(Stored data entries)
++++++++++
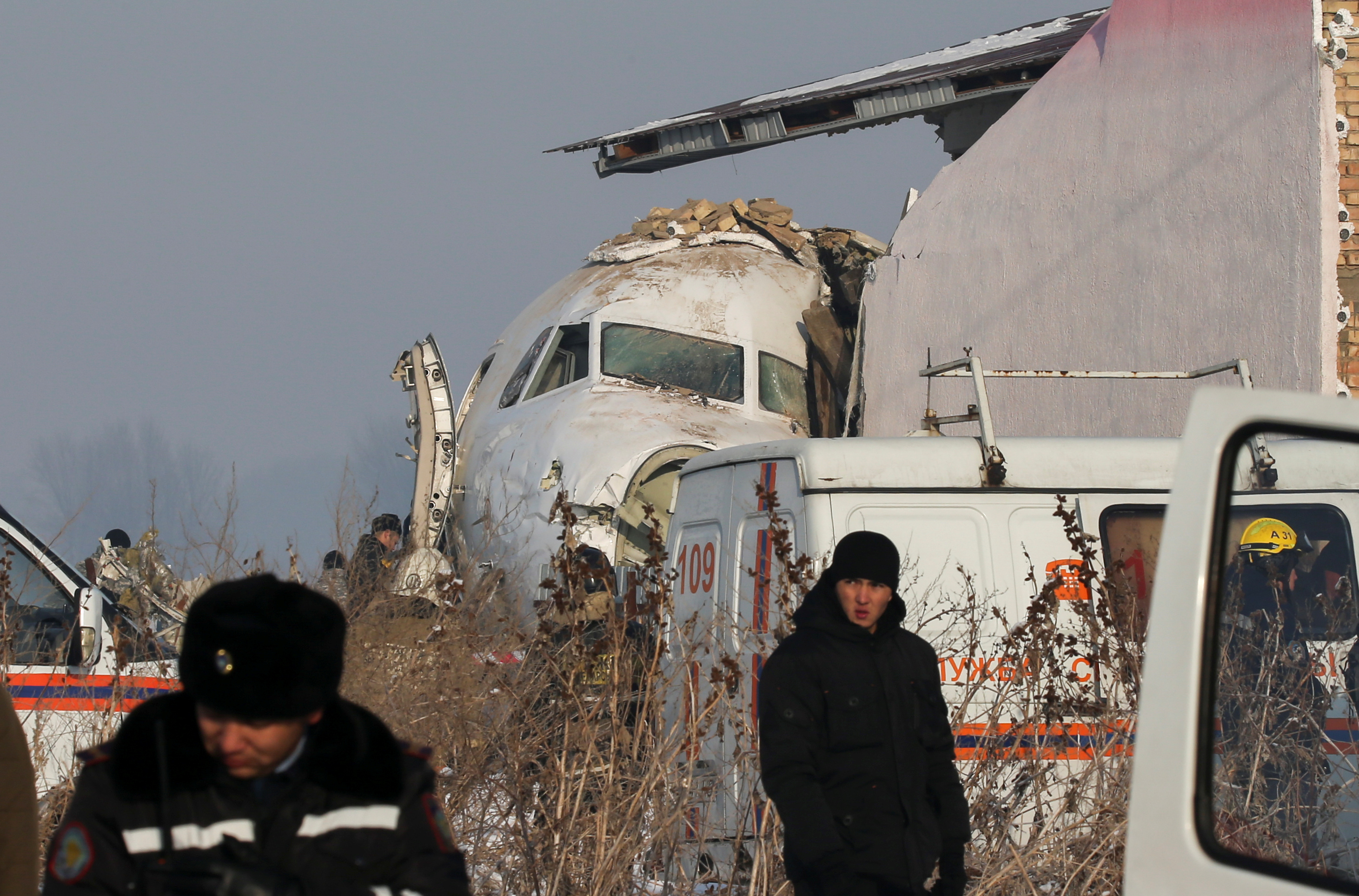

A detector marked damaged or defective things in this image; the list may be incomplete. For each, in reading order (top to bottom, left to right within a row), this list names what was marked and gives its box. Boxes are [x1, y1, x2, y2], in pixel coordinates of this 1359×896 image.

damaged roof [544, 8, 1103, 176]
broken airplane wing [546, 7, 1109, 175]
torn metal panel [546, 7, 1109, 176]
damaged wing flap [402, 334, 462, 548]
++++++++++
Your task is to return the entries above exactly, with no pictures.

A detector marked damaged or defective things in this image; the list may be incomplete. For each, in reading order (top to bottom, left to right within a row), this list names what was marked and gives its box. Boxes are [x1, y1, x2, y2], in pixel coordinates of this 1359×896 image.

damaged roof [544, 8, 1103, 176]
broken airplane wing [546, 7, 1109, 175]
torn metal panel [546, 7, 1109, 176]
damaged wing flap [402, 334, 462, 548]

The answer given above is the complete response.